This workshop targets researchers and developers who already know the basics of OpenACC and/or CUDA but would like to expand their knowledge. It will build on the ENCCS workshop “Introduction to OpenACC/CUDA” given in May (https://enccs.se/events/2021/05/openacccuda-training-for-beginners/).
The workshop will consist of lectures, type-alongs, and hands-on sessions. Lectures will present the OpenACC framework with three key steps in porting to high-performance accelerated codes: analysis, parallelization, and optimization.
CUDA lectures will cover two main topics: how to optimize computational kernels for efficient execution on GPU hardware, and how to explore task-based parallelism using streams and events. We will also briefly go through profiling tools that can help one to identify the computational bottlenecks of a program.
Participants are assumed to have knowledge of the C programming language. Since participants will be using an HPC cluster to run the examples, familiarity with Linux/Unix environments is assumed.

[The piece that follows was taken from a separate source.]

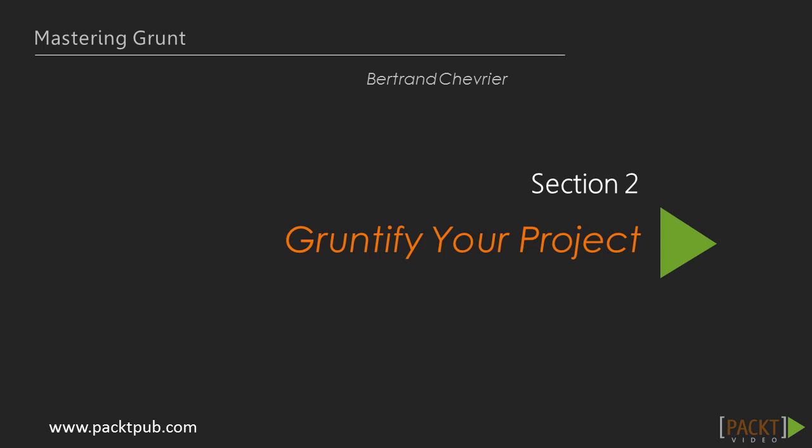Hi, and welcome to the second section of this course, Gruntify Your Project.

If you would like to attend this workshop but don’t have much prior experience with OpenACC and CUDA, we recommend that you carefully go through the lesson material of our introductory course, which is available at https://enccs.github.io/OpenACC-CUDA-beginners/.
This course is for students, researchers, engineers, and programmers who would like to expand their knowledge of OpenACC and CUDA. Some previous experience with C/C++ is required, basic knowledge of OpenACC/CUDA will help to follow the material.
The workshop furthermore assumes that participants have some familiarity with logging in to supercomputers and using a bash terminal, and with compiling C/C++ or Fortran codes using compilers and makefiles.
Day 1 – Monday 28 June 2021
|09:00-09:10||Introduction to ENCCS|
|09:10-09:30||Introduction to GPUs|
|09:30-09:50||OpenACC: Analysis and Parallelization|
|11:30-12:30||CUDA: Parallel reduction use-case|
Day 2 – Tuesday 29 June 2021
|09:00-09:10||Follow-ups from day 1|
|09:10-10:00||CUDA: Optimizing the reduction kernel|
|10:30-11:20||CUDA: Exploring task-based parallelizm: streams and events|
|11:50-12:20||CUDA: Notes on profiling tools|